# Proving two matrices are equal

A friend and I are having some trouble with a linear algebra problem:

Let $A$ and $B$ be square matrices with dimensions $n\times n$

Prove or disprove:

If $A^2=B^2$ then $A=B$ or $A=-B$

It seems to be true but the rest of my class insists it's false - I can't find an example where this isn't the case - can someone shed some light on this?

Thanks!

• Consider the matrix $A'$ which is element-wise equivalent to $A$ except the upper-left (non-zero) element, which is the negative of the upper-left element in $A$... Or pick any single non-zero element in $A$ and make such a $A'$, assuming that $A$ has at least two non-zero elements. Then $(A')^2=A^2$. Nov 20, 2015 at 17:01
• Your intuition for why it seems true is natural though and motivated by your familiarity with the $1\times 1$ real valued matrices. Nov 20, 2015 at 17:16
• @abiessu I don't see how that example works without assuming a lot more zeros in $A$ than you've stated. Unless you're interpreting $A^2$ to mean element-wise squaring, which would be very unconventional. Nov 20, 2015 at 17:31
• @ErickWong: ah, the failure of an "in-the-moment" example... You are right of course.
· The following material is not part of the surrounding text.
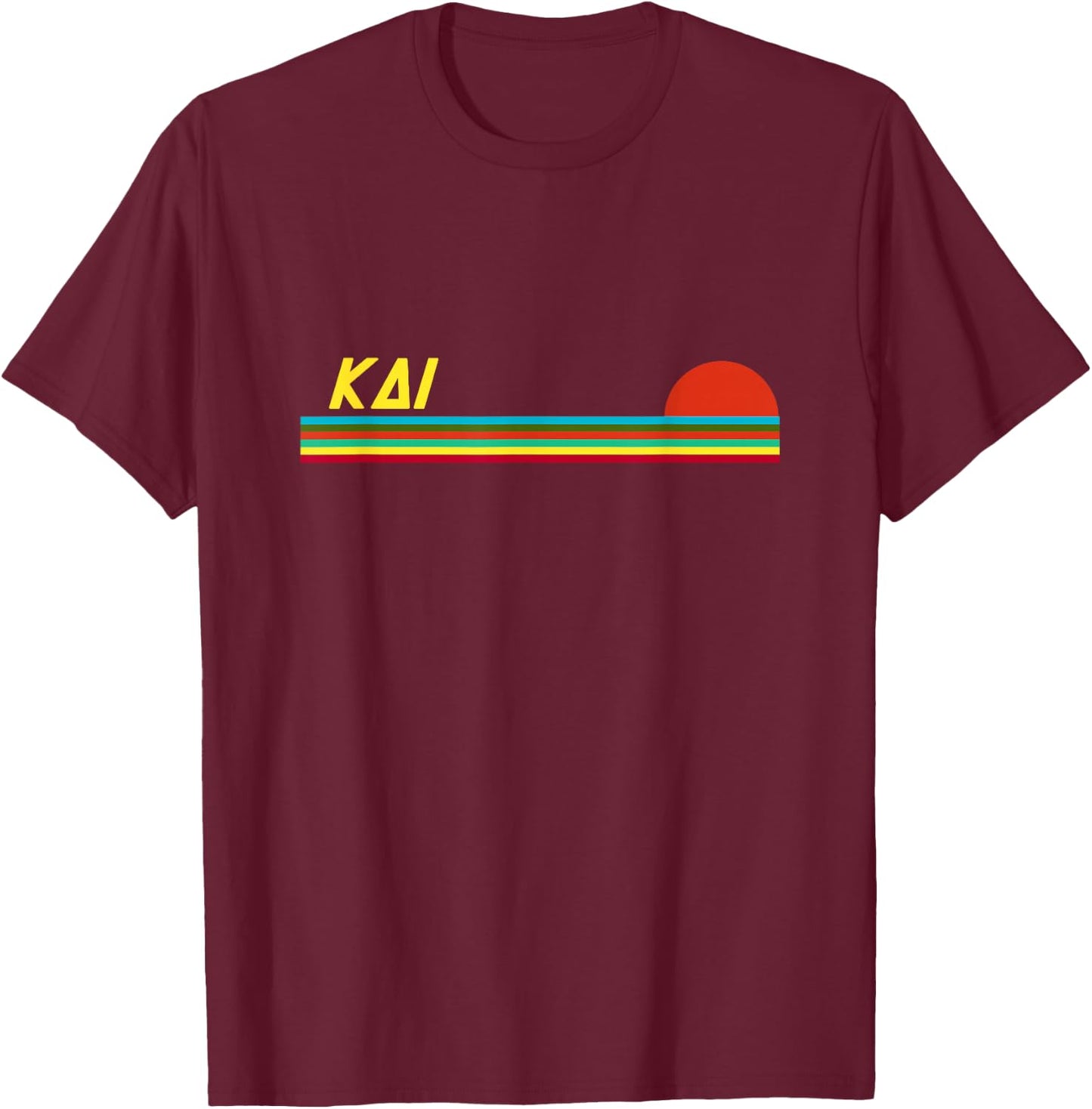 Kai First Name Logo Retro Sunset Surfer Style Kai T-Shirt - T-Shirt | Maroon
Nov 21, 2015 at 5:59

$\begin{pmatrix} 0&1\\0&0\end{pmatrix}^2=\begin{pmatrix} 0&2\\0&0\end{pmatrix}^2=\begin{pmatrix} 0&0\\0&0\end{pmatrix}$
Your class is correct, and consider the suggestion in the comment: Let $$A=\left(\begin{array}{rr}1 & 0\\ 0 & 1\end{array}\right), \ \mathrm{and} \ B=\left(\begin{array}{rr}-1 & 0\\ 0 & 1\end{array}\right).$$
All matrices $E_{ij}$ of the standard basis of $M_n(\mathbf R)$, defined with $$a_{kl}=\begin{cases} 1&\text{if }(k,l)=(i,j)\\ 0&\text{if }(k,l)\neq(i,j) \end{cases}$$ satisfy the equation $\;E_{ij}^2=0$ if $i\neq j$.